Seviyesizliğin bükülmez bileği
Bütün meselelerden önce Türkiye’nin birinci meselesi seviyesizliktir. Listenin başından asla inmiyor, aşağıdakilerle de arayı açtıkça açıyor. Ekonomi, hariciye, eğitim, akademi, sanayi, teknoloji, kültür, sanat vesaire mühim meseledir ama listede hepsi seviyesizliğin peşinden gelir. Bir ülkenin seviyesi o ülke insanlarının kalitesi, kültürü, sağduyusu, tahammülü ve tartışabilme kabiliyetinden belli olur. Sokaktaki insandan en yukarıya, küçük bir kahvehaneden cesameti en büyük kuruma kadar…
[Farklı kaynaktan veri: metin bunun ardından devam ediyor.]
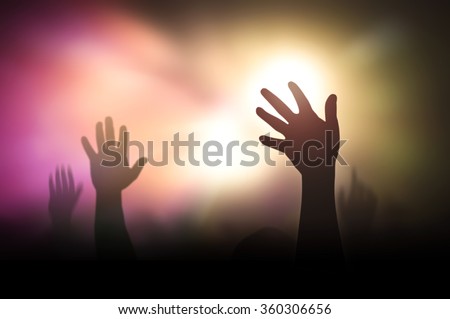 Silhouette people raising hand on blurred colorful light background. Worship, Forgiveness, Mercy, Humble, Evangelical, Hallelujah, Thankful, Praise, Redeemer, Amen, Human Rights Day, Humanity concept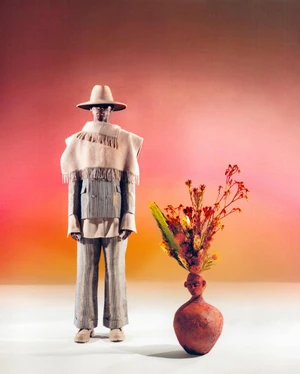 Model wearing a wide-brim hat, fringed poncho, and striped suit standing beside a clay vase holding red flowers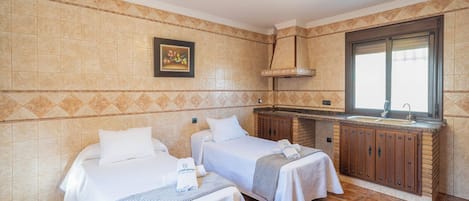 Habitación de hotel con dos camas, kitchenette y ventana.
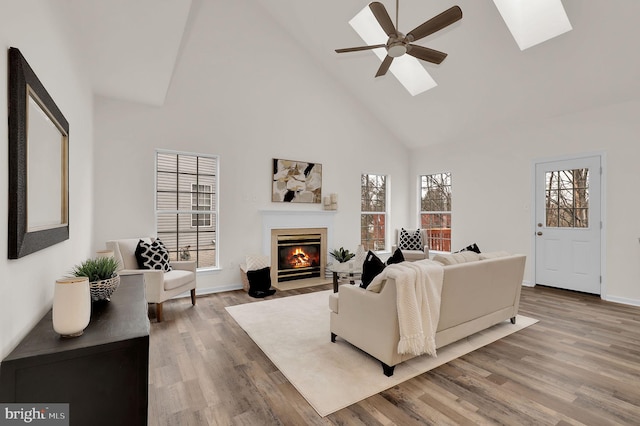 living area featuring wood finished floors, high vaulted ceiling, a skylight, a fireplace with flush hearth, and ceiling fan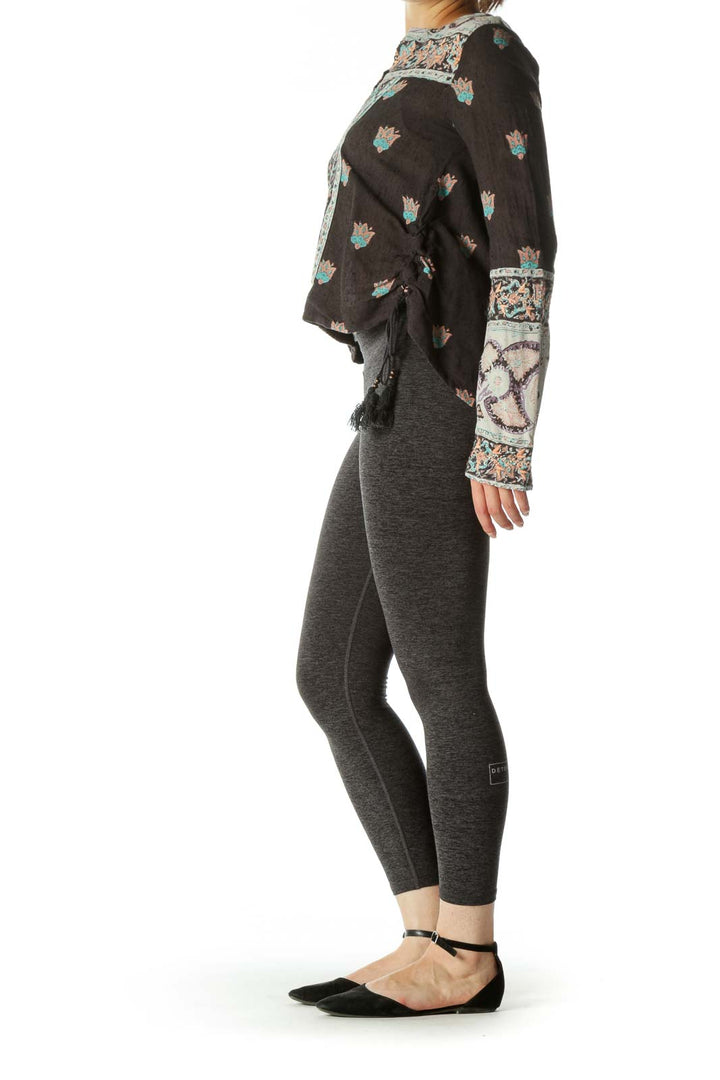 Front view of Free People gray floral top with embroidered V-neck and bell sleeves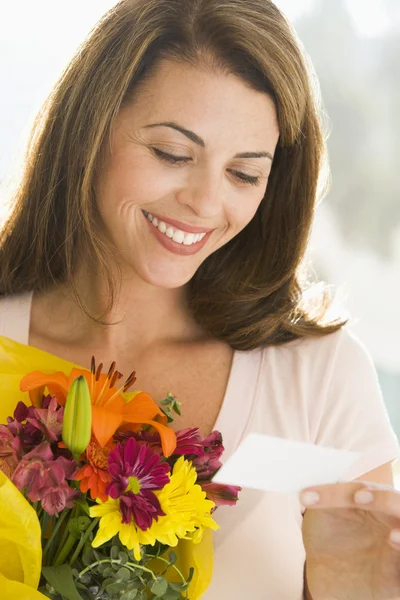 女性の花を保持していると笑みを浮かべてノートを読む — ストック写真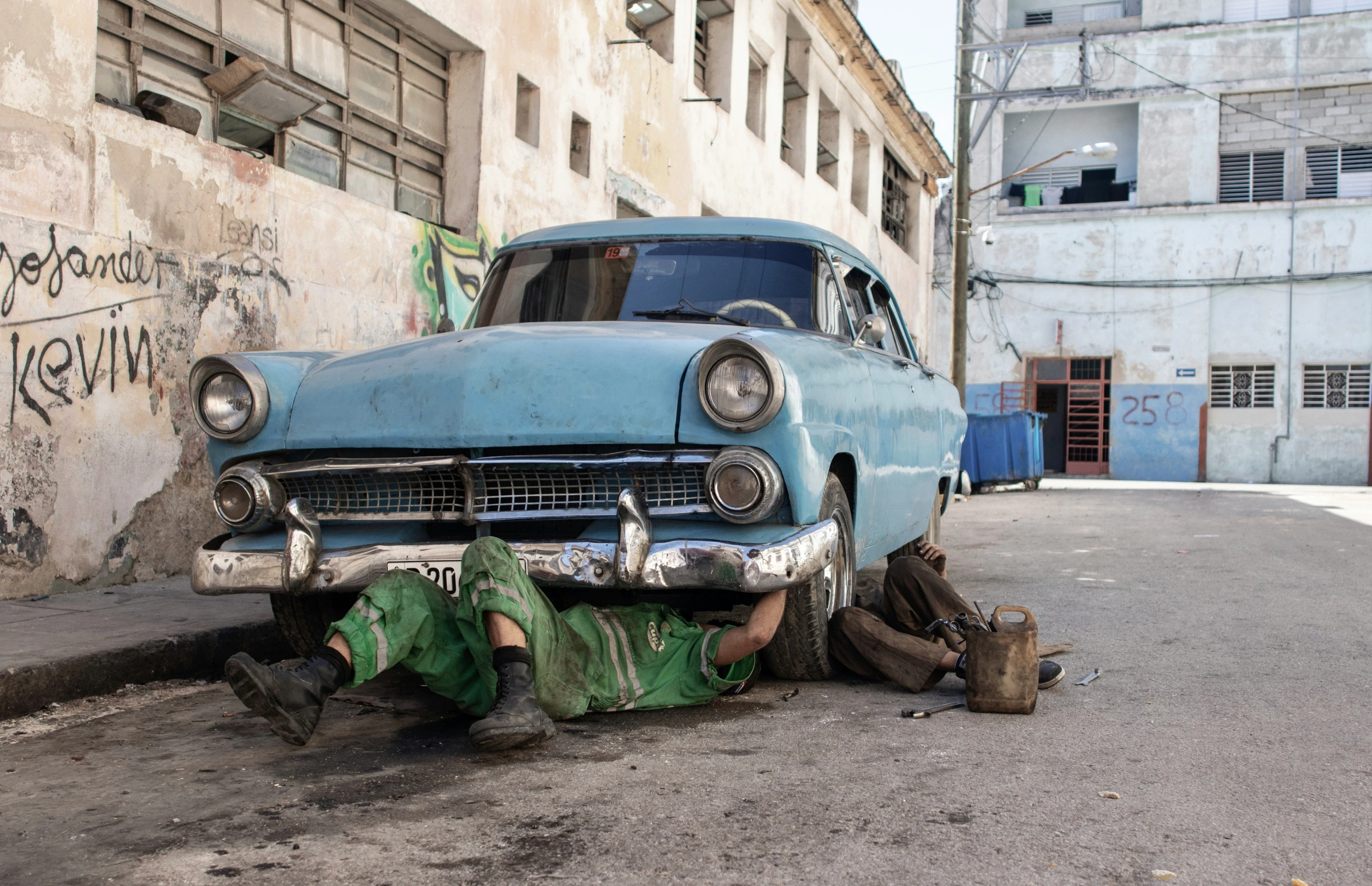 a man sits on his feet on the ground while looking at a broken up car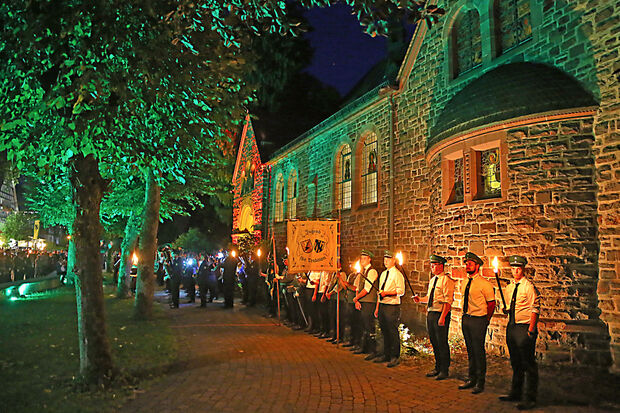 Zum Zapfenstreich an der katholische St.-Jodokus-Kirche wird das historische Steingebäude farbig illuminiert. Hinzu kommt der Schein der Fackeln des Festumzugs. FOTO: ANDREAS DUNKER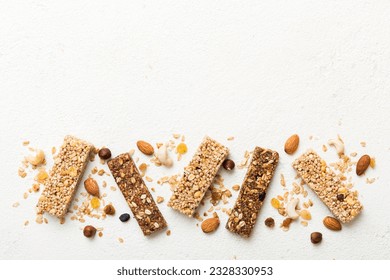 Various granola bars on table background. Cereal granola bars. Superfood breakfast bars with oats, nuts and berries, close up. Superfood concept. - Powered by Shutterstock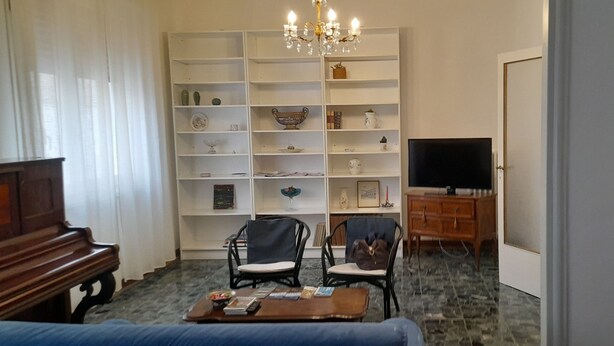 A living room with a piano, two chairs, a coffee table, a TV, and a bookshelf. - Ravenna Suite: apartment close to the center and major monuments! (Ravenna)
Bizde de manzara ortadadır.
Bir ülke durduk yere en vazgeçilemez insanlık değerlerinden mahrum kalmaz. Bu meziyetlerin eksikliği boşuna değildir. Yerlerini kabadayılık, öfke, şiddet, küfür, hakaret, tuzak, kof cesaret, palavra ve hamaset almıştır. Meclis’te dökülen kan, sahada devrilen başkan, sokaktaki taciz, ekrandaki kibir, gündelik hayattaki gerilim seviyesizlik illetinin eseridir. Çünkü seviyesizlik varsa, utanmaya, arlanmaya, düşünmeye ve anlamaya ihtiyaç yoktur. Güçten ne yapacağını şaşırmış siyaset, akademi, sivil toplum ve hatta arkasındaki gücün gölgesiyle şımaran din, diyanet esnafı da aynı yolun yolcusudur.
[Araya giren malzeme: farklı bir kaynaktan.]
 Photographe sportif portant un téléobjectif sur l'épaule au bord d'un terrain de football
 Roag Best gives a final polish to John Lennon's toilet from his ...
Kötü ahlak iyi ahlaki kovuyor… Kötü yüzler temiz yüzleri gölgeliyor… Kötü sesler nazik sedaları bastırıyor… Kötünün arsız gücü iyinin cesaretini kırıyor… Türkiye koşar adım kalitesizden daha kalitesiz bir geleceğe doğru yürüyor. Usanmıyor, yorulmuyor.
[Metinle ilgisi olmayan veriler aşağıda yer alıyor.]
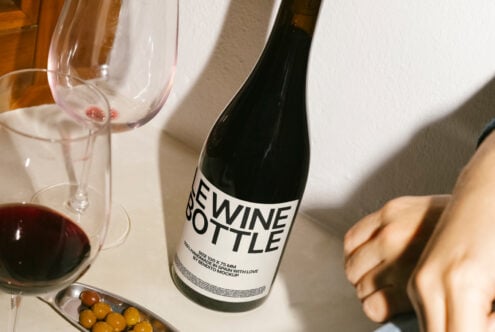 Wine bottle mockup on a table with glasses and olives. Perfect for designers seeking realistic product mockups. Keywords: mockup, design, template, wine.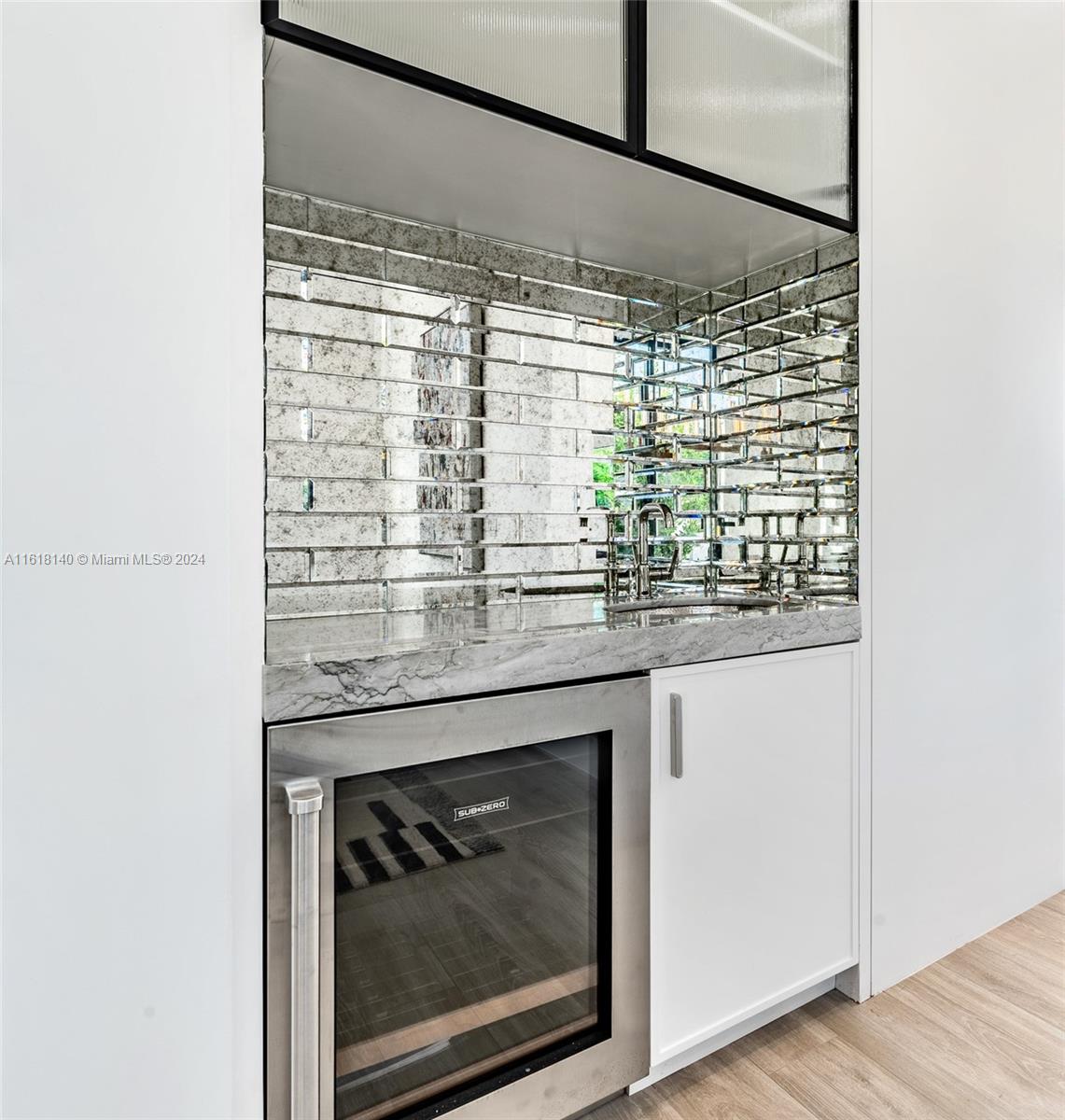 9000 Abbott Avenue Surfside, FL 33154 - Photo 11 of 82 a closeup of a fireplace with a window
Osmanlı’da konuşanın tepesine “söyletmen, urun!” diye binerlerdi, Cumhuriyeti kurduk, bir asrı geride bıraktık ama vurmanın kırmanın saltanatı bitmedi. Vururlar, kırarlar, itibarsızlaştırırlar, işsiz bırakırlar, yargılarlar, hapse atarlar; her yolla musallat olurlar. Zerre utanmazlar, bir an pişmanlık duymazlar; yaptıklarına da vatan-millet, beka, var olmak mücadelesi derler. Kendi varlıklarından ve bekalarından gayrısını umursamadıkları halde…
“Herkes haddini bilecek”ten başka sözleri yoktur. Gelin görün ki ‘herkes’ten kasıt herkes değildir. Herkes, gücü olmadığı halde hakkı hakikati söylemeye tevessül eden, baskıya boyun eğmeyen ve ülkesini iktidarın tayin ettiği sınırlar dışında sevmeye kalkanların adıdır. İşte onlar haddini bilecektir, bilmezlerse kendilerine bildirilecektir.
Konuşmaktan, tartışmaktan, anlamaktan nasipsiz bir kalabalık bir kara bulut gibi ülkenin bütün değerlerinin üzerine çöküyor. Fırsat bulduğu her yerde, her zeminde şiddetten geri durmuyor. Siyasetçiye, gazeteciye ya da sıradan insanlara saldırmayı iktidarının bir imkanı ve varlığının temel hakkı olarak görüyor. Akıl, mantık, empati, tahammül, münazara veya toleransa dönüp de bakmıyor. Seviyesiz bir dil ve lümpen bir vücut dili aynı bedende kasıla kasıla yürüyor. Her adımda seviye biraz daha düşerken, ayaklar altına alınan kalite daha dayanılmaz bir eziyete maruz kalıyor.
Gücün, kudretin, paranın ve ‘yaparım olur’un iktidarı sınır tanımıyor.
Şiddeti övüyor çünkü başka bir dil bilmiyor. Baskıyı hak görüyor çünkü başkasını haktan saymıyor. Öfkeyi siyaset sanıyor çünkü öfkesizliği zaaf görüyor. Kargaşa istiyor çünkü düzenin sesine tahammül edemiyor. Korkunun ne olduğunu çok iyi bildiği için fırsat varken korkutabildiği kadar korkutuyor.
Türkiye, bildiği bütün ideolojilerden daha güçlü hale gelen ve semirdikçe sağını solunu göremez hale gelen seviyesizliğin esareti altında; ağır, hantal ve umutsuzca yürümeye çalışıyor. Her durakta bir değeri bırakıyor, her adımda şaşırma hissinden bir parça daha yitiriyor. Seviyesizliğin bükülmez bileği indirdiği her yumrukla, ülkenin gururu biraz daha kırılıyor.